Uncertainty Propagation (UP) refers to the transfer of uncertainties from the independent variables into the dependent variable – simply put, from the known to the unknown. It is transferred in an equation or relation – from the individual variables on right hand side – into the dependent variable on the left. More commonly the propagation process is referred to as error propagation. The two – error and uncertainty are often used interchangeably. In quantitative terms, while error refers to the difference between the measured and the true value – uncertainty refers to the deviation of an individual measurement from the arithmetic mean of a set of measurements. As we shall see, the magnitude of propagated uncertainty is a function of the type of equation (e.g. linear, non-linear, exponential, logarithmic, etc).

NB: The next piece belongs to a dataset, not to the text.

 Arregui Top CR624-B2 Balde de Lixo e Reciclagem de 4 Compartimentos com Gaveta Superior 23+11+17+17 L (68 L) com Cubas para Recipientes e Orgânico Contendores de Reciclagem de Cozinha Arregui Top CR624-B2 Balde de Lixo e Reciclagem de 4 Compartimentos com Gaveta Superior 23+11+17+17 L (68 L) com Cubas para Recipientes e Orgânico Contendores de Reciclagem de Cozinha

Uncertainty of a parameter implies that, if it is measured repeatedly – one would find that there is no single value – rather a range of random values accrue that deviate from the arithmetic mean (AM, µ) of the measured set. One needs a method or standardization to characterize the scattered deviations. If the deviations are distributed symmetrically about the arithmetic mean – then a Gaussian (German mathematician Carl Freidrich Gauss, 1777 – 1855) bell-shaped curve can be fitted. One property of such a distribution is defined as the Standard Deviation (SD). This is estimated as the square root of variance (defined as the mean of all deviations squared). If SD is normalized by dividing it with AM – the GD turns into Normal Distribution or ND. The normalized SD, σ/µ, termed as the Coefficient of Variation (CV) – is SD relative to AM. Its distribution follows the symmetry about the mean – and as a fraction or percentage, it covers both sides of the mean. It is like the unit of standard deviation – e.g. 1SD unit saying that 68.2% of the data are scattered on both sides of the mean. A high value of CV is the indication of a large scatter about the mean. CVs are due to nature of the variable in their random response to different forcing functions or kinetic energy (see Turbulence) – and are therefore termed as random uncertainty or simply uncertainty (see more on Uncertainty and Risk). It is the signature characteristic of the variable – and is due to many other factors including the applied measuring or sampling methods.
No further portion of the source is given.